The Financial Markets Authority (FMA), the New Zealand financial market regulator, has issued a permanent order to cease further operations of Validus and all associated companies and individuals. The decision was first made in February 2023 and upheld after the High Court rejected an appeal made by the company's representatives.
According to the FMA, Validus has offered clients extremely high return rates on investments and loyalty rewards, reaching 350% over 60 weeks. The company allegedly made investments in the forex (FX), crypto, and stock markets.
FMA Blocks Validus Financial Products
The FMA blocked Validus from further offering financial products, distributing related materials, and accepting applications and funds from potential clients. The entire case began in November 2022 with a seminar during which Validus promoted its 'educational packages' named Validus Pool.
After issuing a preliminary order to cease operations, Validus sent a letter to the FMA stating that the offer of Validus Pool Products had been suspended. The company admitted that private individuals should not invest in the offered instruments, as a guaranteed profit is not achievable.
The FMA used this position as confirmation that the information presented to seminar participants was false and could mislead them.
"Seminar attendees were induced to purchase, purchased or intend to purchase, educational packages in reliance on false or misleading representations. They will not receive the promoted 2-3% return on their money, or be able to withdraw that money. They are likely to suffer material financial harm," Paul Gregory, the Executive Director of Response and Enforcement at the FMA, said.
During the November event, Suai Tito, a key speaker, claimed that individuals who purchased educational packages could expect a return of 2-3% per week and even 350% after 60 weeks. He assured that the funds were invested by a team of experts in the gaming market, cryptocurrencies, Forex, stocks, etc.
"Validus has made false or misleading representations to the public that had every appearance of an unregulated offer of financial products.
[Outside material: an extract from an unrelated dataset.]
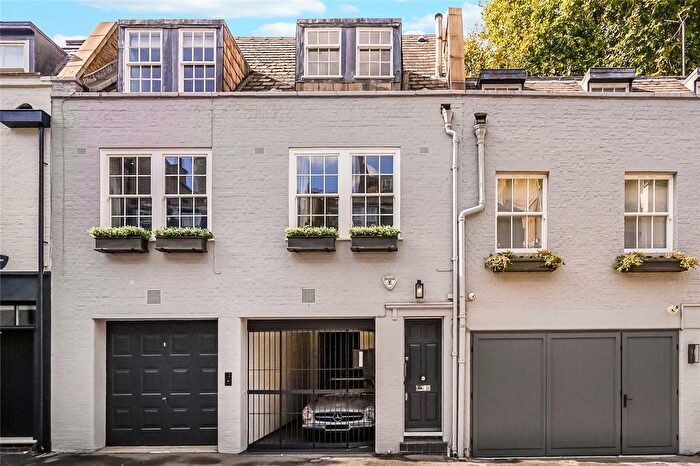 3 Bedroom Mews To Rent In Devonshire Mews South, London, W1G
The FMA considers a stop order is the most appropriate and effective response in the circumstances," Gregory added.
As mentioned at the beginning, Validus has responded to the decision made earlier in the year. The appeal to the High Court took place in June, but the court issued an official decision this week and decided to reject the appeal.
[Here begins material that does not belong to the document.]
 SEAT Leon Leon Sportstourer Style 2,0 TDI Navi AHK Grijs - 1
The Number of Investment Scams Increases in New Zealand
Six months ago, the FMA reported that the number of crimes and investment frauds had increased last year by 17%. The regulator identified 111 cases during this period in all categories, representing an increase of 17% compared to 95 cases in 2021.
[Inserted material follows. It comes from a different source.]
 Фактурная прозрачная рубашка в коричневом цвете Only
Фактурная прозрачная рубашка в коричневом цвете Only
The FMA stated that fraud cases included 105 suspected dishonest programs, 48 unregistered companies, and one fake regulator (posing as the FMA). In 2021, these figures were, respectively 89, 24, and two cases.
The New Zealand regulator actively operates in the market, identifying suspicious investment entities. Finance Magnatesreported Yesterday (Tuesday) that the FMA issued a warning about Stake Funds and Capital Gold Investment activities. Stake Funds is an investment company that operates without proper registration. Capital Gold Investment is another company that came under scrutiny due to false claims of being a registered New Zealand company.
At the end of June, the regulator closed one of the more high-profile cases in recent years concerning alleged violations of the Anti-Money Laundering and Countering Financing of Terrorism (AML/CFT) Act by Tiger Brokers. In connection with violations from three to four years ago, the broker had to pay a fine of $900,000.